A culture runs into problems when it starts coming up with its own special names for the insignificant shit it loves. Similarly, a culture will run into trouble when it falls in further love with the insignificant shit it loves: "alt," "blog house," Steve Aoki the "DJ." The devil this time? Party photo websites. I'll admit that six months ago, I thought that balding pederast The Cobrasnake was pretty cool. The photos he took seemed fun and natural, and I even bought one of those t-shirts. But when I noticed that the same, vapid, "alt" faces were showing up in each photo, I had to reconsider my opinion. Even the t-shirt had a larger corporate logo on the back, proof that something which seemed on the outside to be independent and an example of a freer culture was really just the latest piece of marketed "cool" to sell to the Urban Outfitters zombie (w)hordes.

This brings me back to The Twelves. As aforementioned, the band's music never fully appealed to me. It was too 13 year old hipster-in-training; music designed for iPod use only while burning through daddy's credit card at American Apparel. Its music for girls that look like this:

And that aint good.

But you can never count a band out for too long; you never know what they might surprise you with. This in mind, I decided to give the group another try, just to see if I could find something I liked. All those dreams came crashing down when then I heard their new single, "Works for Me."

To sum up everything I hated about this oh-so-sugary cotton candy-flavored effluvium, I present one lyric:

"I want to be in your photos from last night."

Not "I want to hold your hand," or "I want to fuck you like an animal," or even a measly "excuse me miss, what's your name," but "in your photos?" What the fuck? Pictures? Since when did fucking pictures replace the phone number or (heaven forbid) the kiss as a sign you had formed a bond with someone who thought you were interesting? Maybe I'm overreacting, or maybe I've reached a point of clarity where I realize that some fads just don't last before either they implode, or you've gotta grow the fuck out of them. Here's to a culture that's starting to take itself a little too seriously.
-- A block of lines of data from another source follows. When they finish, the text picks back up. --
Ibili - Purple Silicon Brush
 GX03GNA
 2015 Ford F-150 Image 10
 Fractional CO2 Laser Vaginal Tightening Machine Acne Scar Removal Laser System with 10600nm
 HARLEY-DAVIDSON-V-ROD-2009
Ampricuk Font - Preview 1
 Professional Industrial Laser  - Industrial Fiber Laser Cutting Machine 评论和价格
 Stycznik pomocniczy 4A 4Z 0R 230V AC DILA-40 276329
Fuck this, I'm going back to garage.

4 comment(s) to... “When cool kids implode.”


smartblackboy said...

wow. can i be the first to say that this is an iconic post.

WHayes said...

haha, why thank you.

CtotheB said...

Tell em why you mad son!!!

Ericka said...

yeah. I dont understand why there has been an explosion of photos to prove how great your night was...Or maybe it's just an illusion.

That's what we're moving toward. Ew.

And I agree.. Iconic.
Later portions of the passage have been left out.